73. Editorial Note
President Nixon met at the White House on June 16, 1971, with Indian Foreign Minister Swaran Singh. Ambassadors Jha and Keating were also present, as were Henry Kissinger and Joseph Sisco. Before the arrival of Singh and Jha, Kissinger briefed Nixon on the upcoming meeting. He recommended a combination of sympathy and firmness in dealing with Singh. Kissinger said: “Iʼve told Yahya that he had a personal channel through me to you. I am just trying to keep them [the Indians] from attacking for 3 months.” Returning to his advice on how to deal with Singh, Kissinger said: “You could say that you are directing that $60 million be made available for refugee support after July 1.” He anticipated that Foreign Minister Singh would be delighted. He [Page 183] added: “You will see whether you can get $20 million from other programs this month.” Kissinger further advised Nixon to tell Singh that “overt pressure on Pakistan would have a counter-productive effect, and that you are working with Yahya in your own way.”
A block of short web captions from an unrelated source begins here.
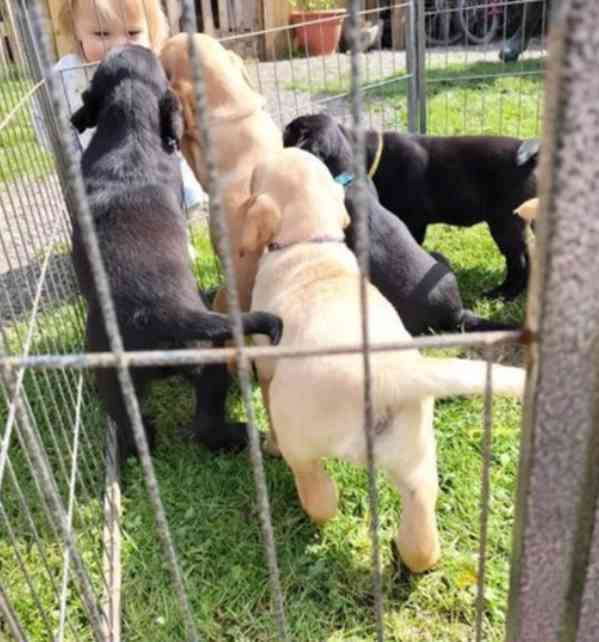 Dvě štěňata labradora k adopci zdarma - foto 3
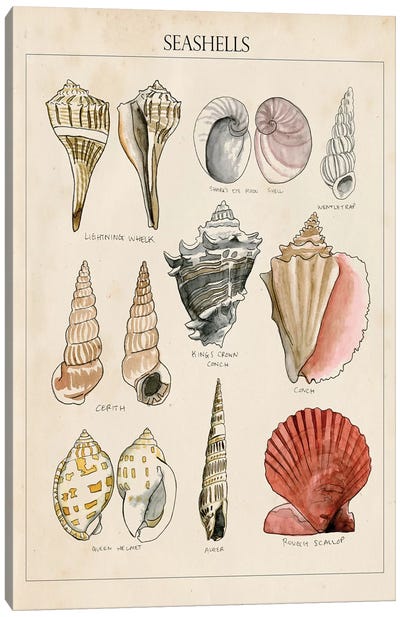 Seashell Sketch II Canvas Art Print - Sea Shell Art
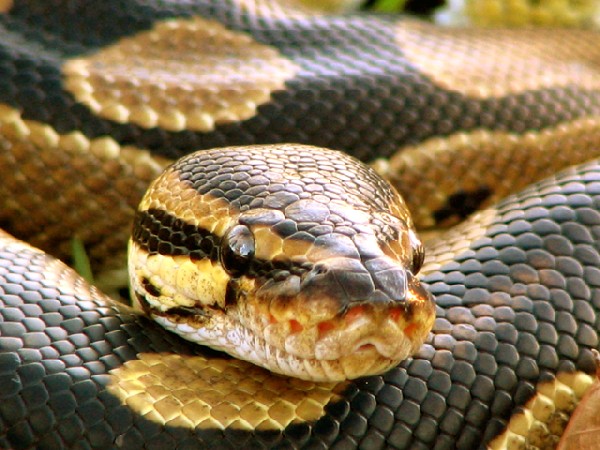 Photo: ball python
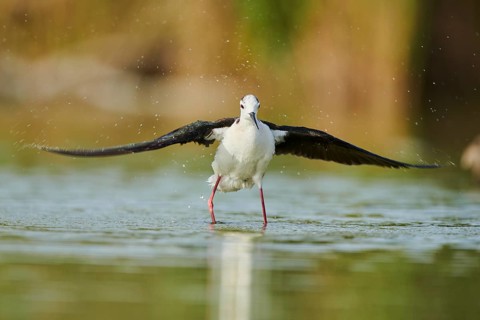 Black-winged stilt (Himantopus himantopus) standing in the water cleaning ists feathers, Camargue,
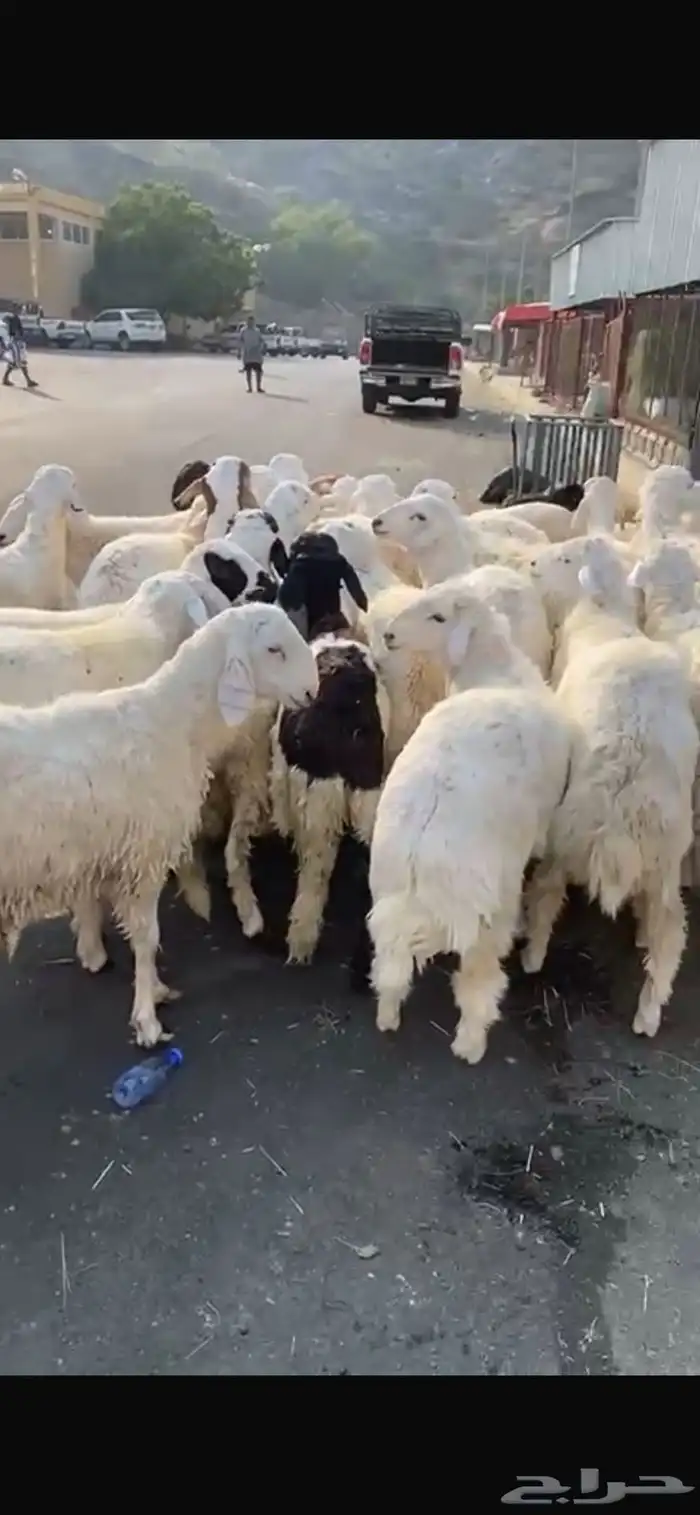 طليان حرية ذبائح ثلاجة 2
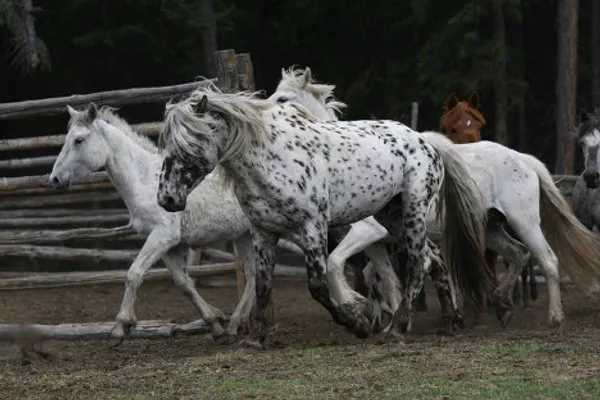 Caballos “dálmatas” de Altái Caballos “dálmatas” de Altái - Sputnik Mundo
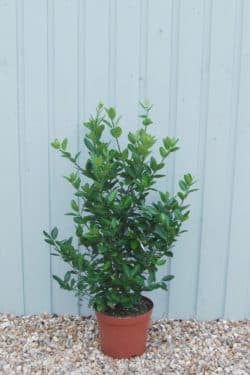 Euonymus Japonicus Hedging Plants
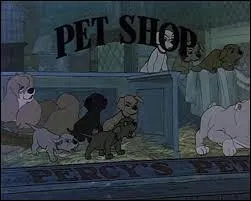 O se droule cette histoire ?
President Nixonʼs meeting with Foreign Minister Singh began at 3:08 p.m. After an initial exchange of greetings, during which Nixon conveyed his congratulations to Prime Minister Gandhi on her electoral victory, Singh outlined the “tremendous problem” created for India by the influx of often destitute refugees from East Pakistan. He said that problems growing out of the influx impacted on India politically as well as economically. “In this situation, we seek your advice.” He expanded at length on the building crisis and observed “obviously some political settlement is needed.” Singh warned that unless something was done, and done quickly, dangerous instability would develop on the subcontinent.
Nixon asked Singh how he saw “the historical process working.” Singh observed that it appeared that Pakistan was reaching “the point of no return.” Nixon asked Singh to outline an outcome that “would be in Indiaʼs best interest.” He asked if India envisioned “an independent country” in East Pakistan. Singh replied: “We have no fixed position on that.”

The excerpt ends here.